Bei uns in Sachsen ist das Kaffeetrinken Lebensart, hier wird es zelebriert, ist Bestandteil der Lebenskultur.

Sprachlich wird dies schon dadurch deutlich, dass dem Sachsen als einziger deutschsprachiger Gruppe der Name eines Getränkes vorangestellt wird. Man spricht weder vom Weißbierbayern, vom Teefriesen oder vom Obstlertiroler - wohl aber vom Kaffeesachsen.

Die Kaffeekultur der Sachsen geht dabei bis in die 1690er Jahre zurück - zu dieser Zeit wurde in Leipzig erstmals ein Kaffeegetränk ausgeschänkt.
Zentren sächsischer Kafee- und Kaffeehauskultur waren Leipzig und Dresden.

Drei exemplarische Beispiele zum Beitrag Sachsens zur europäischen Kaffeekultur:

Einer der bedeutendsten Thomaskantoren, Johann Sebastian Bach, schrieb 1734 seine Kaffeekantate (BWV211) anlässlich der Eröffnung des Zimmermanschen Kaffeehauses:



1708 erfanden Böttger und von Tschirnhaus zudem in Dresden und Meißen das europäische Porzellan - Kenner sagen, Kaffee aus Meißner Porzellan schmecke besonders gut.

1908 schließlich erfand die Dresdner Hausfrau Melitta Benz den Kaffeefilter.
Im Spätherbst 1908 läutete die Dresdener Hausfrau Melitta Bentz ein neues Kaffeezeitalter ein: Sie erfand den Melitta-Filter. Seither gehört der Satz in der Kaffeetasse der Vergangenheit an. Nur noch Wahrsagerinnen sehen in ihm die Zukunft.

Wie so vielen ihrer Zeitgenossen hatte bis dato ein bitterer Nachgeschmack auch Melitta Bentzens Kaffeefreuden getrübt. Man pflegte damals eben entweder das gemahlene Kaffeepulver einfach ins Wasser zu schütten, das Ganze aufzubrühen und dann durch ein gemeines Sieb zu filtern, oder aber man goss den Sud durch immer denselben muffigen Kaffeebeutel, was begreiflicherweise dem Aroma nicht gerade förderlich war.

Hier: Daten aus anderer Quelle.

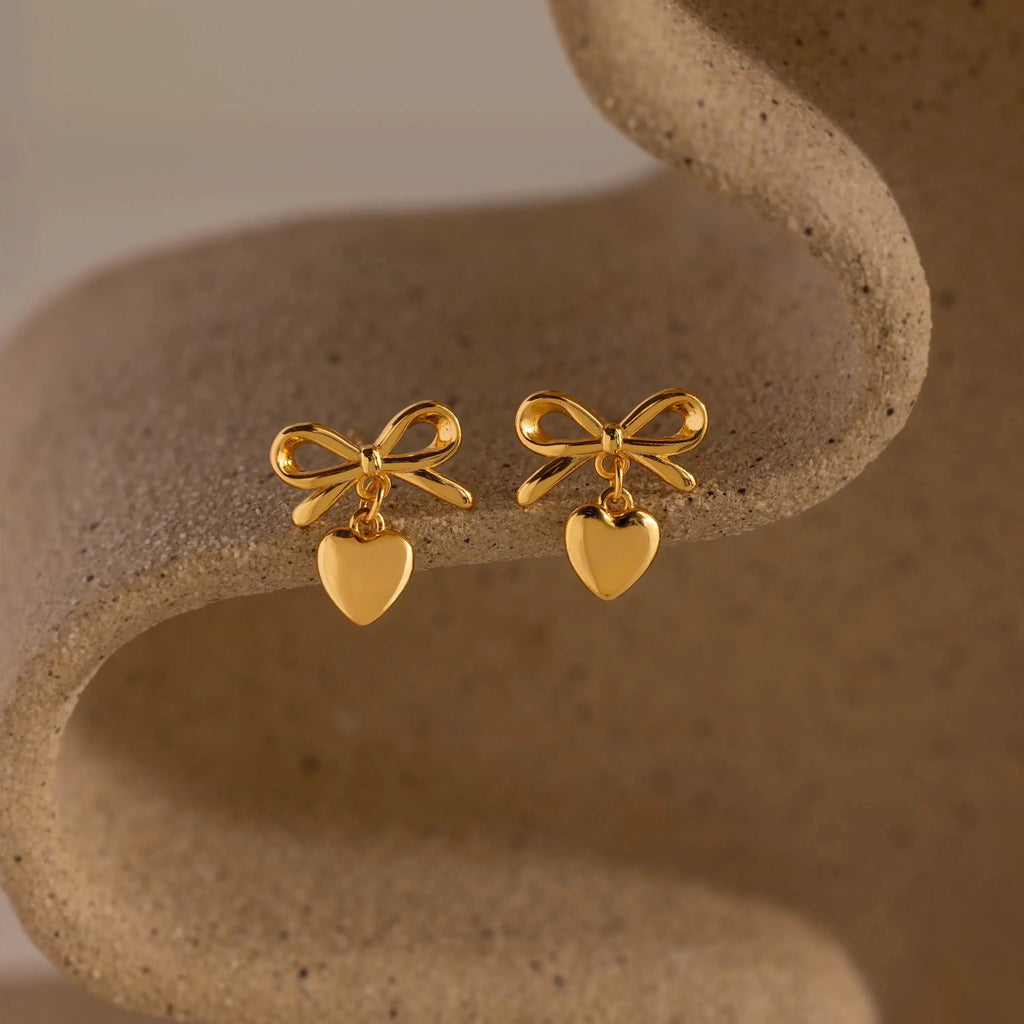 Bow Heart Studs Silver 18K Gold Plated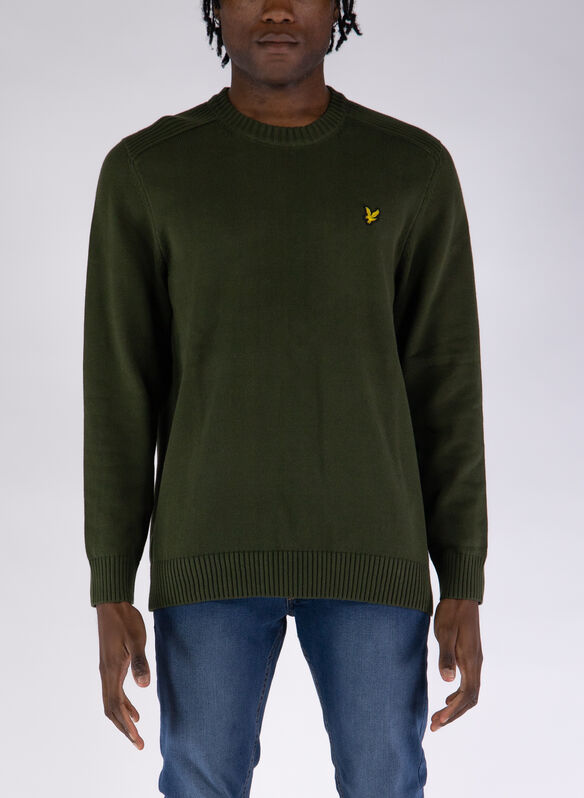 MAGLIONE COTONE GIROCOLLO, W485 OLIVE, medium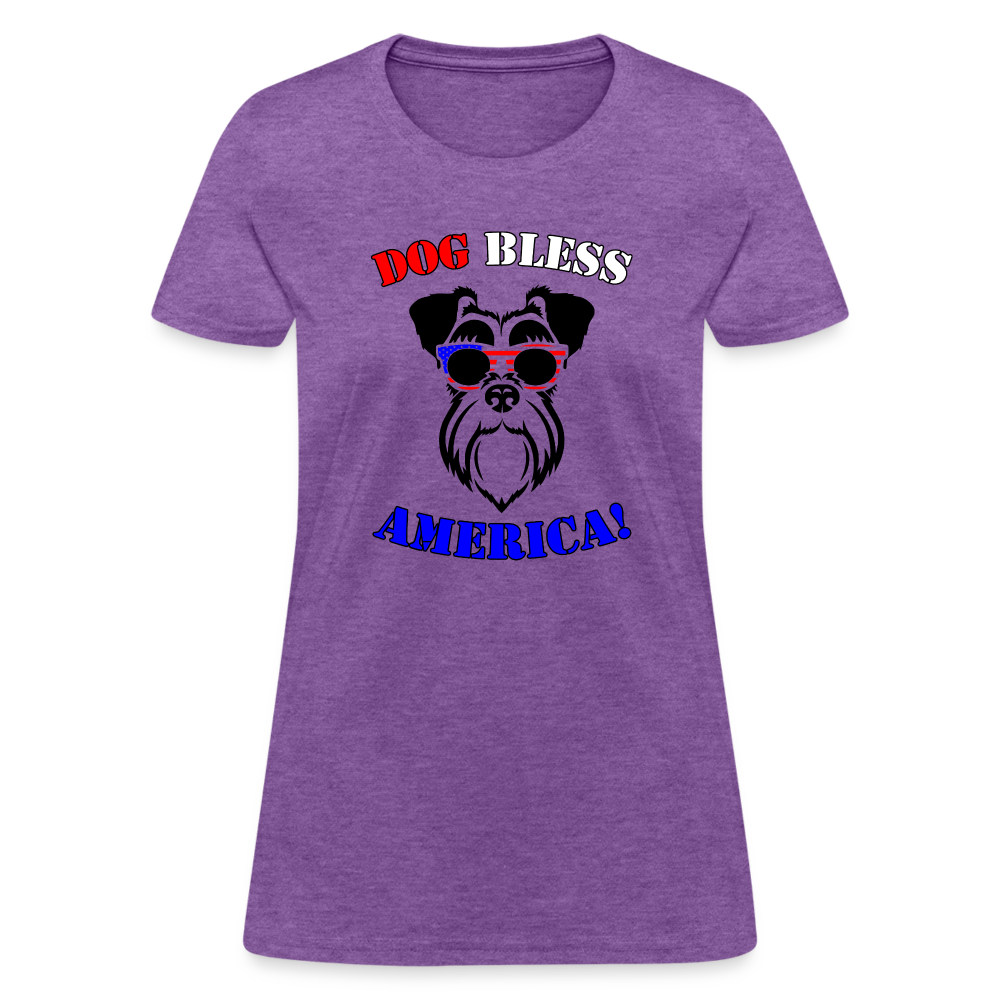 Dog Bless America Women's T-Shirt - purple heather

Eines schönen Tages beschloss Frau Bentz, der Sache auf den Grund zu gehen. Sie brütete eine Weile über ihrer Kaffeekanne - und plötzlich hatte sie die Lösung gefunden. Bei ihrem Sohn Willy borgte sie sich ein Löschblatt. Mit Nagel und Hammer durchlöcherte sie siebartig den Boden eines alten Messingtopfs und schnitt dann das Löschpapier so zu, dass es in den Topf passte. Rasch war Kaffeepulver daraufgeschüttet und siedendes Wasser darübergegossen. Langsam tropfte die braune Brühe in die untergeschobene Kanne. Tatsächlich: Das Getränk erwies sich als absolut satzlos und von klarer, tiefbrauner Färbung. Und erst das Aroma!

Melitta Bentz und ihr Gatte Hugo, hocherfreut ob der geglückten Erfindung, waren sich bald einig, dass auch der Rest der kaffeetrinkenden Menschheit an ihrem Kolumbusei teilhaben sollte. Zielstrebig nahm der Herr des Hauses das weitere in die Hand.

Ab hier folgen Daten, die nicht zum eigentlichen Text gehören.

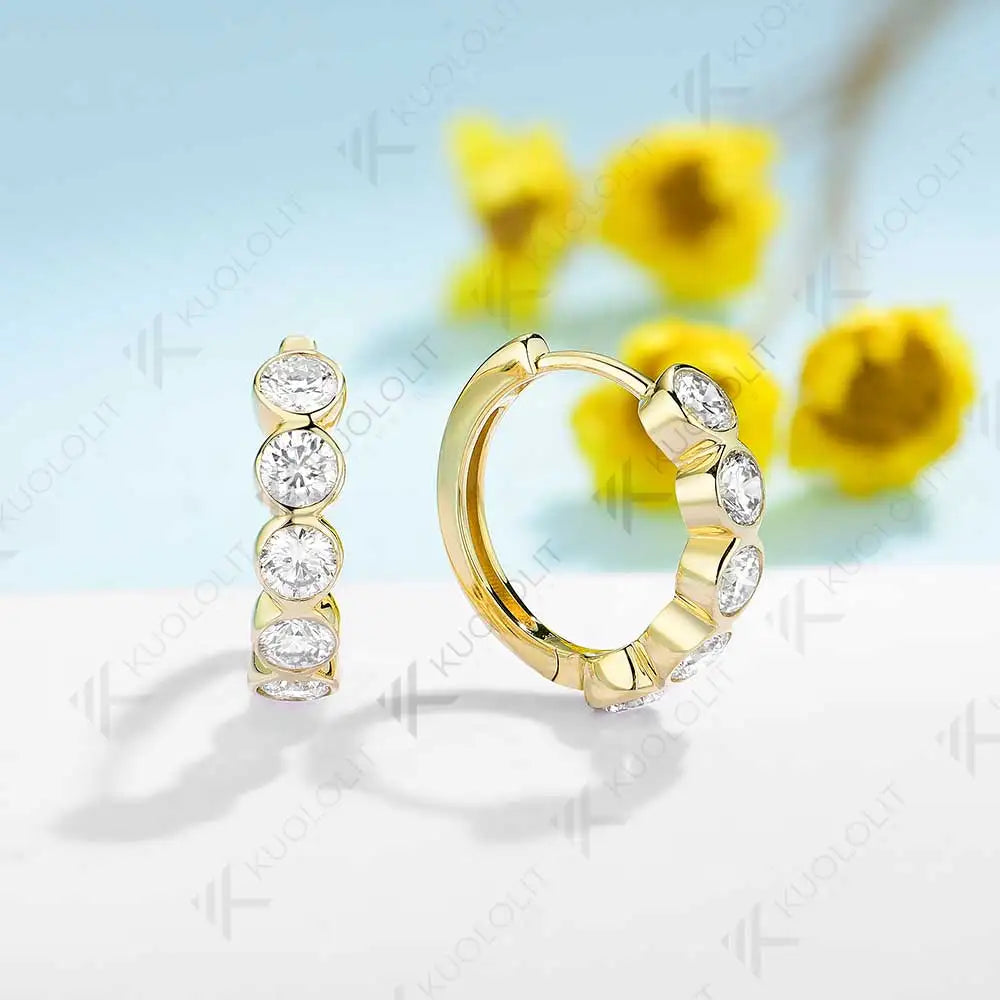 Kuololit 1CTW Lab Grown Diamonds Earrings for Women Solid 14K 10K 585 Gold Yellow Gold Silver Clip Hoop for Christmas Classic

Rechtzeitig zu Weihnachten 1908 gründeten Melitta und Hugo Bentz ihre Firma. Im Jahr darauf stellten die Bentzens ihren Filter auf der Leipziger Messe aus - mit durchschlagendem Erfolg. Aus allen Teilen des Reichs hagelte es Aufträge.
Zitatquelle: (Admin: externer Link existiert nicht mehr)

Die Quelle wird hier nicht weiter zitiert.